A case for dying with dignity

Ritu Bhandari Uncategorized Leave a Comment

On November 27, 1973, Aruna play roulette online in canada Shanbaug, a junior nurse at the King Edward Memorial Hospital in Mumbai was sodomised and brutally assaulted  by a janitor working in the same hospital. The janitor choked Aruna with a dog chain as he carried out the sexual assault. Aruna’s brain was severely injured in the attack, leaving her in a partially conscious and permanent vegetative state. Forty one years later, Aruna is confined to a hospital bed, in pain and suffering. She cannot communicate and her family has abandoned her. Should Aruna be forced to continue her torturous existence, just because the law does not allow her to die peacefully? In 2010, one of Aruna’s close friends filed a mercy petition for Aruna in the Supreme Court, seeking permission to end her excruciating existence. The case brought about India’s landmark judgement in 2011, in which the SC permitted passive Euthanasia but rejected the petition for mercy killing.

Passive Euthanasia implies withdrawing or withholding the necessary treatment which would allow a patient to die eventually, whereas Euthanasia, or mercy killing, implies deliberately terminating life of a person through an action on the request of that person. The term Euthanasia has a Greek origin, meaning ‘easy death”. It is also known as assisted suicide as it is carried out with the assistance of another person, usually a physician. The idea is to ensure the painless death of a person who is in excruciating pain, is terminally ill and has no prospect of being cured.

The issue has been surrounded by a fiery debate across the world, with the proponents suggesting that it is humane to let a terminally-ill, incurable person to die painlessly and with dignity if that person wishes to do so. The counter-argument is that it is the duty and the obligation of a society to save lives of innocent people. It is argued that deliberately encouraging people to die is not morally justified and that assisted suicide is “wrongful death”. Those who oppose Euthanasia also fear the possibility of misuse of this right. Opponents of Euthanasia further argue that it is an irreversible process. Proponents of Euthanasia however maintain that it is an option only for the terminally ill, tormented by their suffering.

Euthanasia continues to be a matter of bio-ethical dilemma in India. The Fundamental Rights guaranteed by the Indian Constitution are based on the basic idea of freedom, choice and peace. Then why does a person choosing to die painlessly instead of experiencing unbearable pain not allowed to do so? Is it not compassionate to enable a person to choose a dignified death than eventually die with pain and suffering?

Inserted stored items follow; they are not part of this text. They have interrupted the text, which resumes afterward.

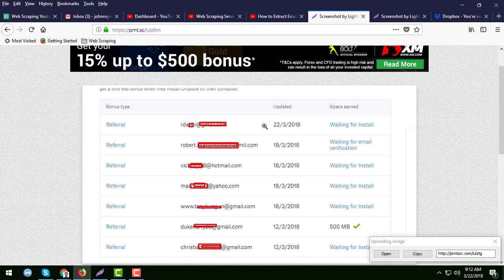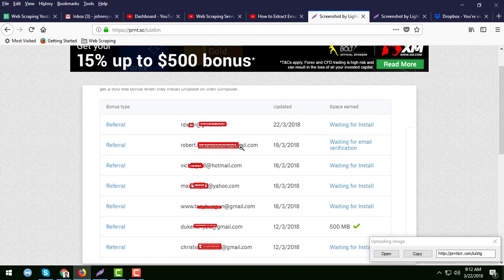You can see here that many people have verified their accounts. Here is the list — some referrals have completed the sign-up process but have not installed Dropbox. I can see in my account who has followed my instructions successfully and who has not. For example, the first one is waiting for install — he registered but did not install Dropbox and has not verified his email address.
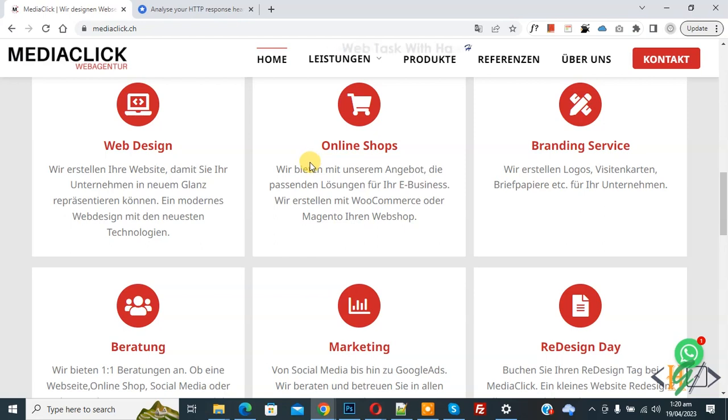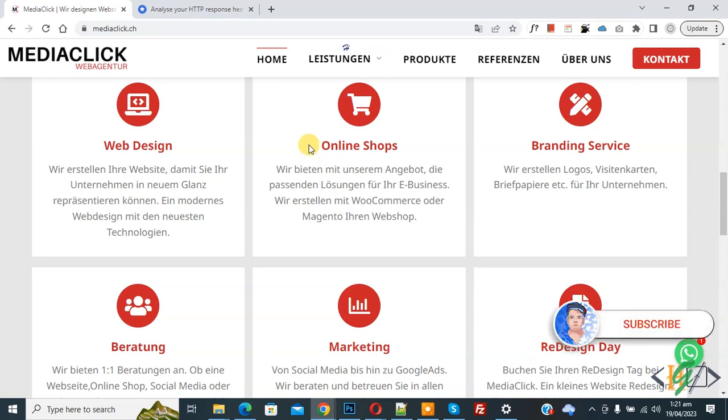Bismillahirrahmanirrahim, Assalamualaikum. My name is Asan and today we are going to verify HSTS header in website. Before starting work, it's my request please subscribe my channel. Thank you, now back to our work.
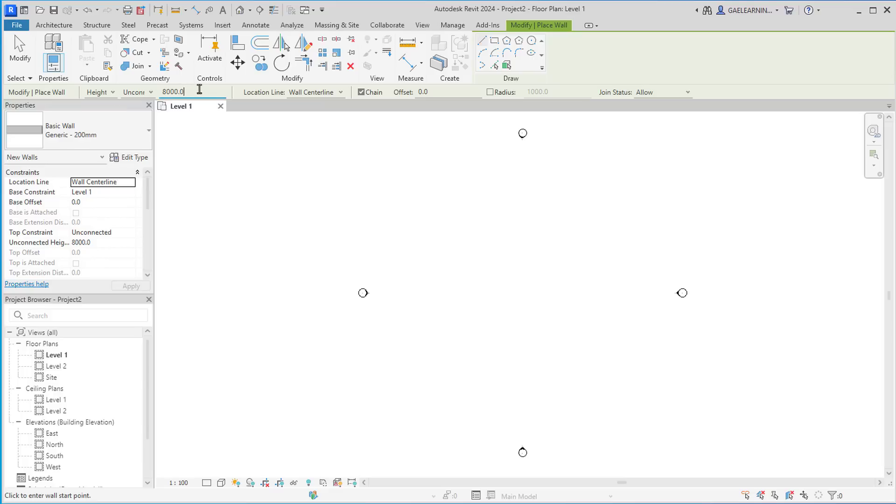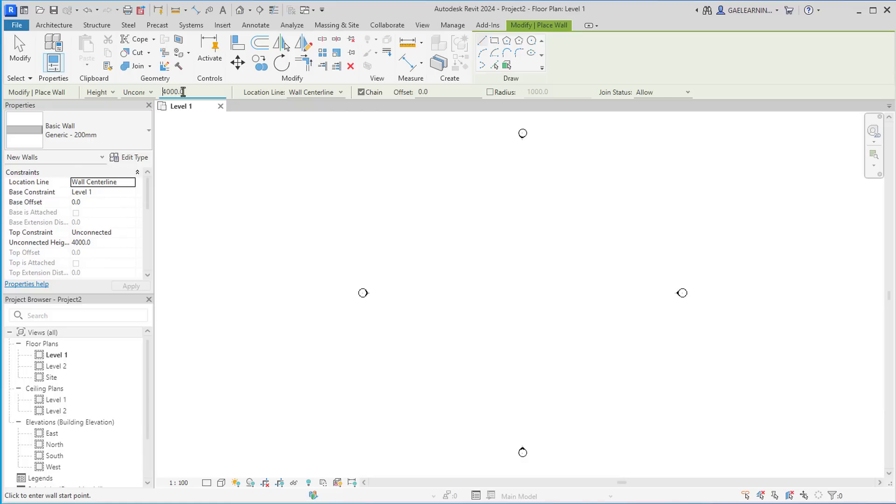Next to this dropdown, there is a value field. In this field, I can define the exact height or depth of the wall. I will type 4000 since the project units are set to millimeters to define the wall's height.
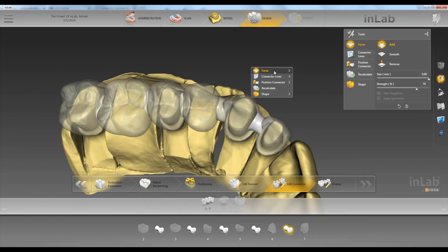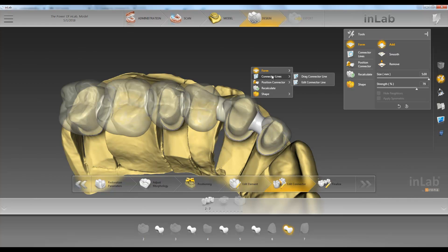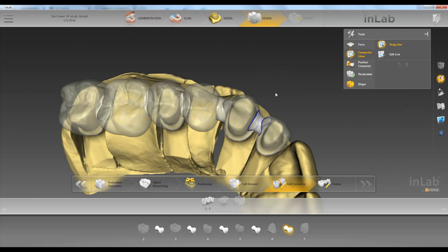Next tool we have is our connector line tool. We have two options here: drag or edit. First we'll go over drag.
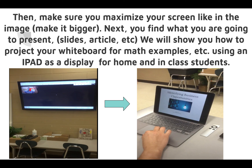Notice that Daniel maximized his Meet screen — he clicked the little green icon on the window to make it bigger so you can see him larger. All your students will appear in there. Next, find what you're going to present: slides, an article, a Google Document. We'll also show you how to project your whiteboard using an iPad as a display for home and in-class students. For now, once you maximize your Google Meet, find your material — here's a sample Google Slides presentation.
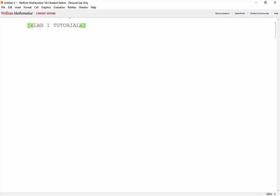Welcome to our first Mathematica tutorial. Today we'll focus on matrices, basic built-in functions, and finally plotting.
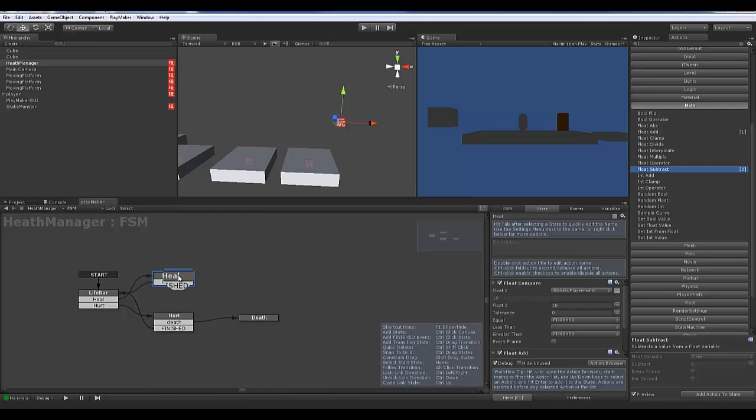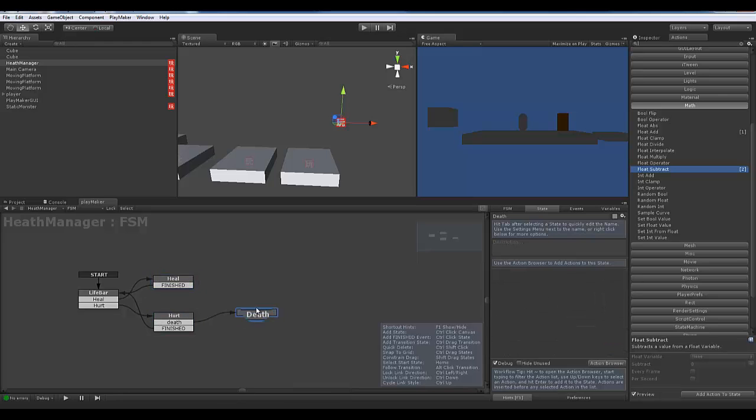In the next video we're going to hook all this stuff up and make it so that you can be damaged by a monster.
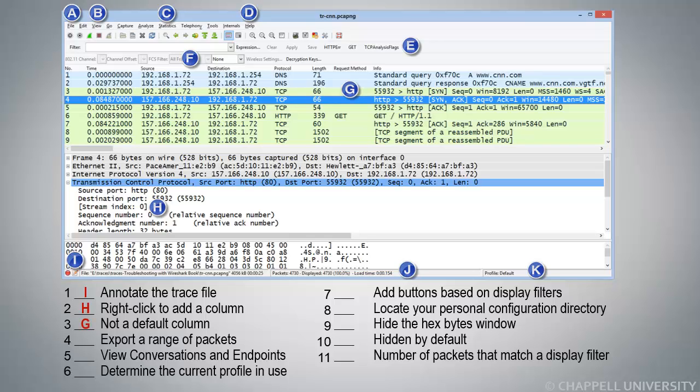Number 4, Export a Range of Packets. That is something we do using the File menu item, so the answer is A.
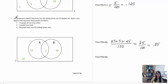For our final probability, we're looking for the intersection — people who know the Rolling Stones and the Beatles. That would be three people, so we take three out of 100, which makes 0.03, or three percent.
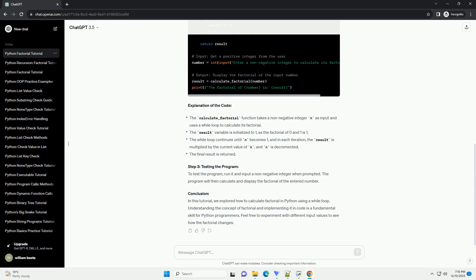Step 2: Writing Python Code. Now, let's write a Python program to calculate the factorial of a given number using a while loop.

Article 21 of the Indian constitution deals with the ‘protection of life and personal liberty’.  This article does not include Right to Die, as the Supreme Court in its landmark judgement in 1996 (Smt. Gyan Kaur vs. The State of Punjab) overruled its earlier judgement of 1994( P.Rathinam vs. Union of India) and declared that extinction of life is not a part of protection of life. However, we need to pay attention to the fact that right to life revolves around the idea of a life with dignity. How can we justify the lives of those who are not able to live with dignity because of their incurable, degenerative, disabling or debilitating condition?

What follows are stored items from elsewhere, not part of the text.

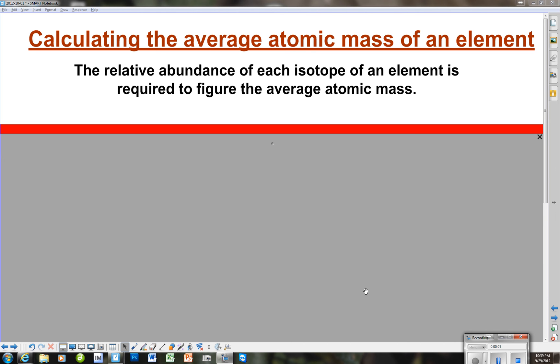Our next topic is actually calculating the average atomic mass of an element, and how we actually get those numbers. So the relative abundance of each isotope of an element is required to be able to figure this average atomic mass out.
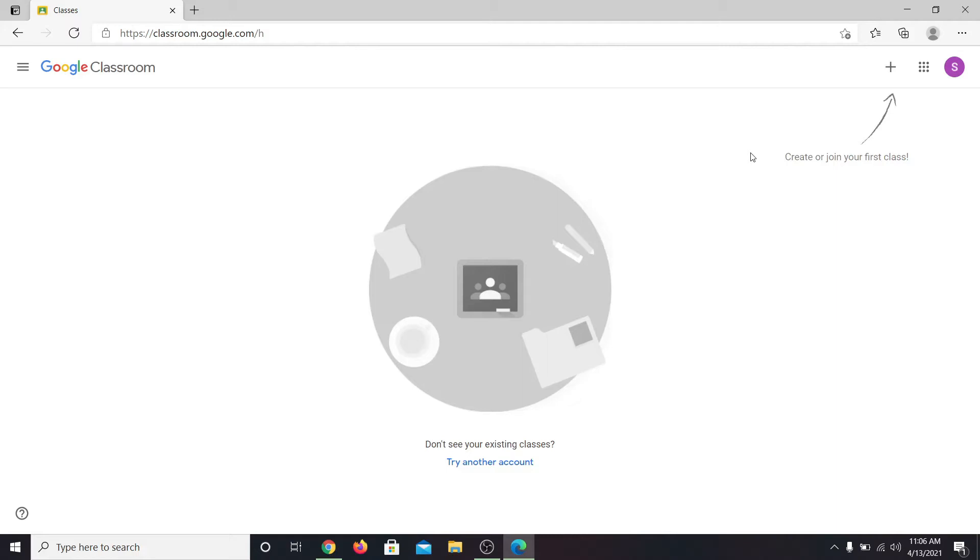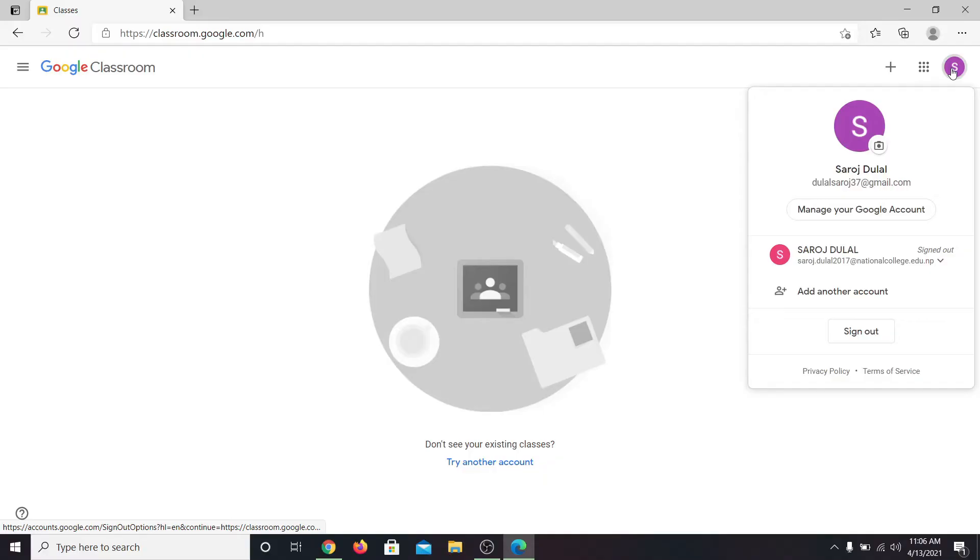Once you are logged in to your Google Classroom account, click on your account icon at the top right corner and then click on manage your Google account.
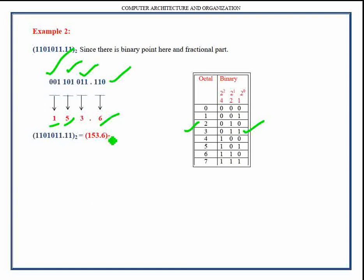In this video we have learnt how to convert a binary number into octal form using the direct method, which is the simplest method and can be used to perform this conversion very quickly.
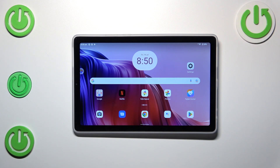Hi everyone. In front of me I've got the Lenovo Tab M9, and let me share with you how to reset network preferences on this device.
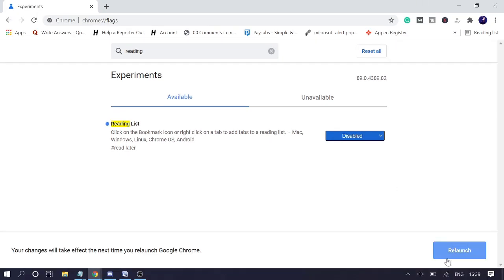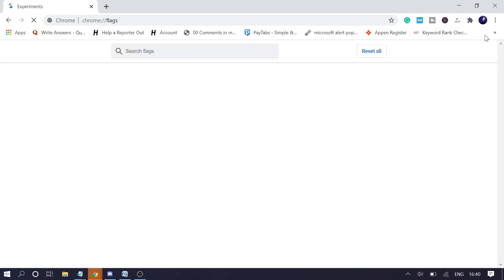Then click on relaunch. Now in your case, if you want to enable it, you can choose enable. Once done, click on relaunch and you can see the reading list has been removed.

Some countries in the world have recognized the importance of life with dignity and allowed Euthanasia. Euthanasia is legalised in Netherlands, Luxembourg and Belgium. In all the three countries, Euthanasia can only be performed by a doctor as a response to a voluntary and well considered request by patients who have an incurable disease and live in unbearable suffering. Euthanasia is also legal in some states of the United States of America.

In India, after the Aruna Shanbaug case, passive euthanasia has been legalised. A competent adult patient has the right to refuse to medical treatment by artificial life-sustaining measures, with the consent of the doctor. In a case of an incompetent patient in irreversible coma or a permanent vegetative state, the patient’s relative, friends, doctor or concerned hospital can approach the High Court to seek permission to withhold or withdraw the life sustaining treatment. Active Euthanasia is still considered impertinent. In July this year, the Supreme Court of India called for a widespread debate on the legality of Euthanasia in the country. But there has been no development yet.

As science develops, we are able to discover cures to diseases which were thought to be deathly a few years ago, but isn’t it all to reduce and minimise human suffering at the end of the day? Rapid developments in science have enabled us to save more lives these days but shouldn’t we also give importance to the quality of life?

Recently, Brittany Maynard exercised her Right to die in the Oregon state of the US which allows for ‘death with dignity’.

She had a terminal brain tumor which had started causing daily seizures, disabling her from living the way she chose to. She chose to end her life, and died peacefully with her loved ones beside her. For, living is not the same as living healthy, and with choice and dignity.